Available data >>
Content starts

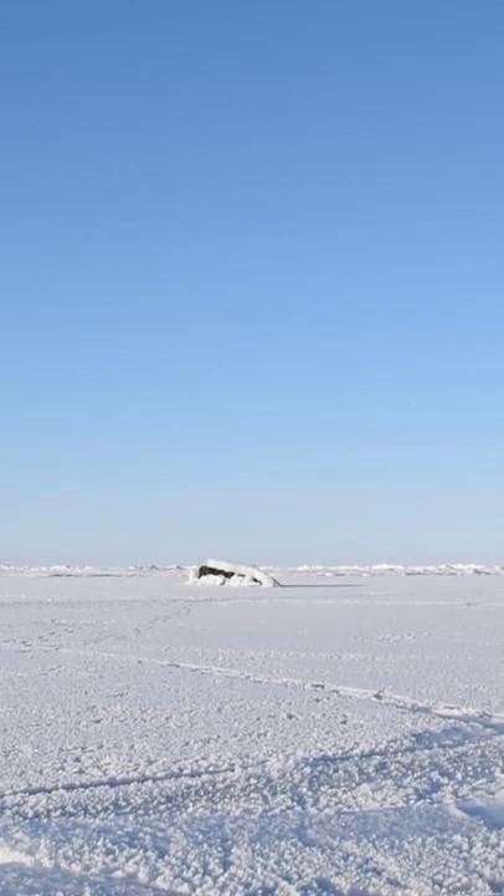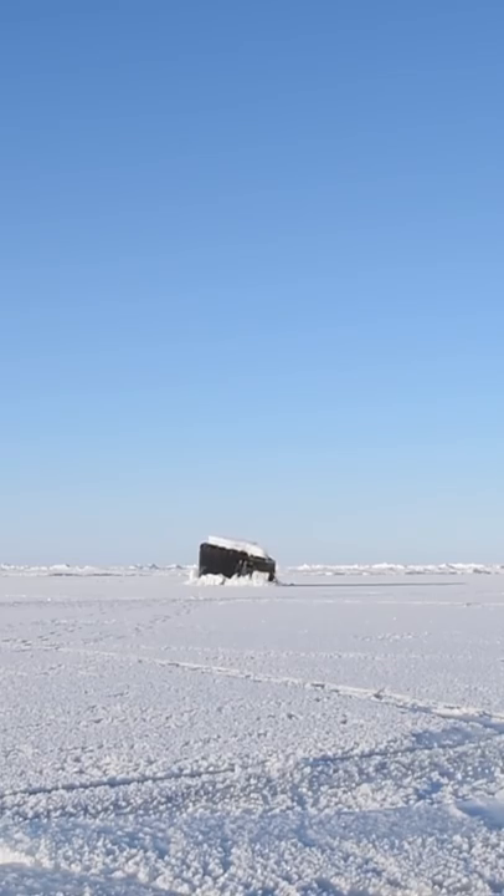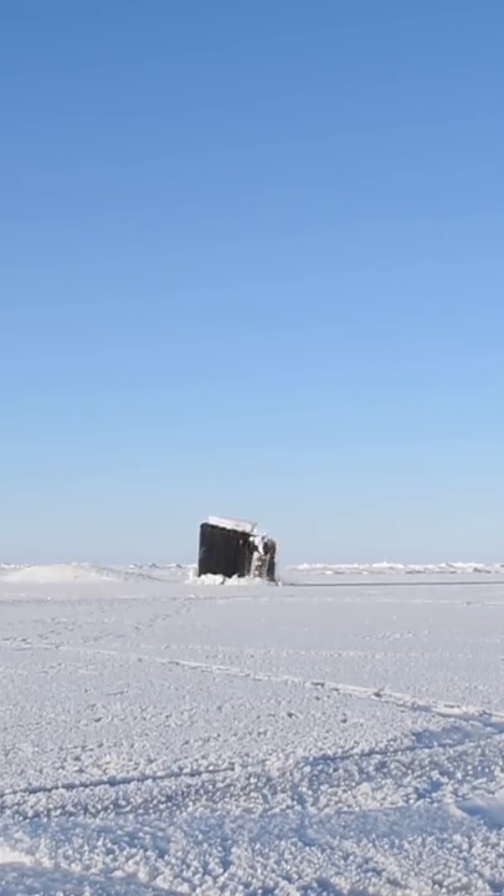Generally speaking, submarines cannot surface through ice that is more than 3 meters in thickness. Specifically, submarines that are not ice-strengthened can only surface through ice that is about a meter thick.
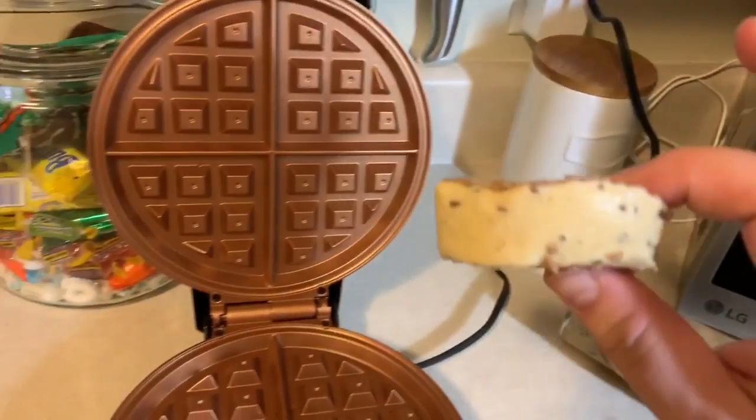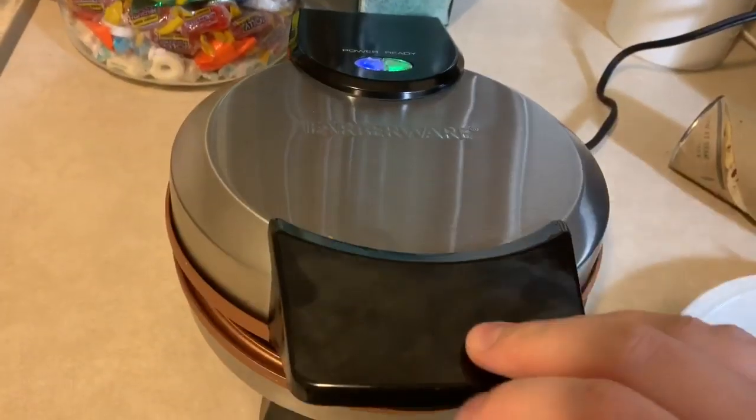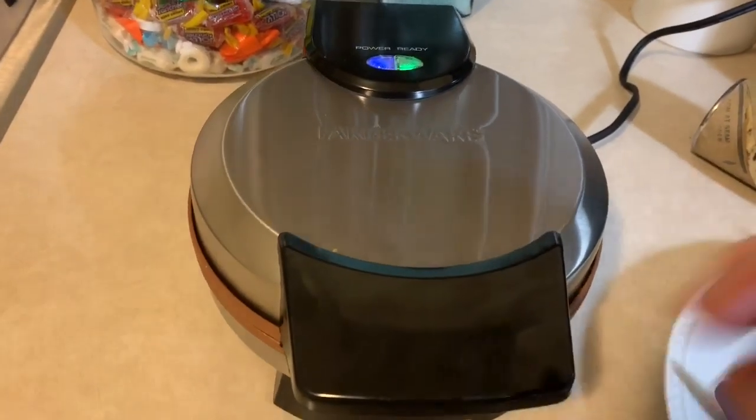Let's get into the video. I take a cinnamon roll, put it on there, press this down, and within like two minutes they are good.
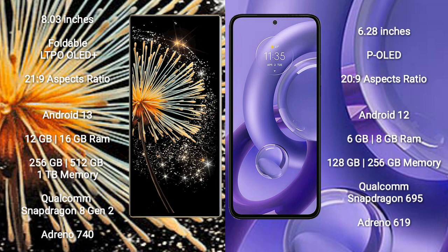Xiaomi Mix Fold 3 runs on the Android 13 operating system. Motorola S30 new runs on the Android 12 operating system.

Content ends

Take the lines from the start of the material to the line with "Let's get into", both included, and transcribe them exactly without the pictures.

Generally speaking, submarines cannot surface through ice that is more than 3 meters in thickness. Specifically, submarines that are not ice-strengthened can only surface through ice that is about a meter thick.
Let's get into the video. I take a cinnamon roll, put it on there, press this down, and within like two minutes they are good.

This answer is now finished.